La speranza nasce nel fare impresa. Quelle che invece non si esauriscono sono le imprese sociali che il Cesvi, insieme ad altre ong e con finanziamenti istituzionali, hanno creato in questi anni. "Si tratta di realtà imprenditoriali che sono sul mercato, con a capo persone che hanno esperienze nel settore e che occupano e formano svariate centinaia di ragazze e ragazzi a rischio: un'alternativa reale al marciapiede", segnala Nicola Baj, il responsabile dei progetti Cesvi in Perù. E così si sono sviluppate Artytex, azienda tessile che produce divise da lavoro ma anche borse di ottima fattura e design, guidata dalla trentenne Karen, peruviana, affiancata da Giada, milanese con mamma venezuelana, e Yoper panificio, dolciumi e catering con sede al Sorquillo, camioncini per le consegne, con Silvia come amministratrice unica.
Una sfida. Cioè quella di creare realtà economiche che coinvolgono, formano e occupano giovani già vittime di violenza, di prostituzione o anche di droga. "E' sempre complicato coniugare il concetto di impresa e di mercato con le esigenze di recupero sociale", racconta Nicola Baj, ingegnere con esperienze e studi internazionali. "L'idea è bella ma è tutt'altro che scontato il rapporto con persone che sono abituate a pensare esclusivamente in termini di sopravvivenze e di quotidianità. La progettazione, il futuro, la stabilità sono elementi fuori dalla loro visione. E i problemi umani si sommano a quelli già complessi per una piccola impresa che deve produrre e competere con altri. Considerando in più che, ovviamente, noi assumiamo tutti regolarmente con paghe sindacali e tutti i diritti contrattuali".
Iniziative in incubazione. Altre imprese stanno per nascere in Perù ed è sbarcata anche una catena colombiana, Crepes and Waffle, del tutto privata che, però assume solo ragazze in difficoltà. Qualcosa si muove. Uno dei problemi è la mobilità sul lavoro, che è qui enorme: appena un ragazzo viene formato, magari decide di andare da altre parti a lavorare. "Ma noi cerchiamo di seguire le famiglie e rimanere in contatto con loro. E' vero però che esistono forti contraddizioni, immensi gli sforzi che ci vorrebbero", ricordano Monica e Louis.

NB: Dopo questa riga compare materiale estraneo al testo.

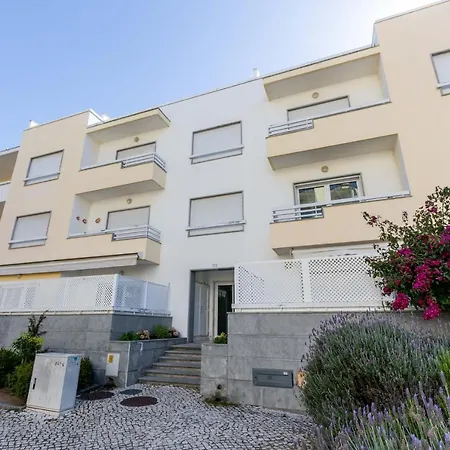 Spacious Modern In Costa Da Guia *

Il Sud America peggio dell'Africa. L'America Latina è il continente dove è più grande il divario tra ricchi e poveri, più che in Africa, dicono i dati. E lo racconta anche Doris Lessing, premio Nobel della Letteratura nel 2007, in Sorriso africano: "Sud America peggio dell'Africa? Sì, è peggio. Tanto per incominciare, ci sono grandi differenze fra ricchi e poveri". Peggio persino rispetto allo Zimbabwe, dove la Lessing è cresciuta: "Niente di altrettanto brutto o crudele...".
In regalo uno stereo. Arrampicandosi nella collina di baracche e fango di Nuova Esperanza, nome emblematico, Louis e Monica vanno a trovare Pilar, ragazzina con alle spalle già un aborto, che ha finalmente ripreso a studiare nelle scuole private domenicali. E, sorpresa, in una delle due faticenti e disadorne stanze dove vivono in otto sotto un tetto di lamiera, accanto al'immancabile altare con madonna, troneggia ora un potente e nuovissimo impianto stereo Pioneer con altoparlanti mastodontici. Il fratello quattordicenne di Pilar ne parla con distacco, ma compiaciuto. La mamma di Pilar si giustifica: "I miei figli non hanno nulla, vivono in questa miseria. Ho voluto prendere il massimo, lo stereo migliore". Al costo di indebitarsi per i prossimi dieci anni. La musica cullerà le notti a Nuova Esperanza.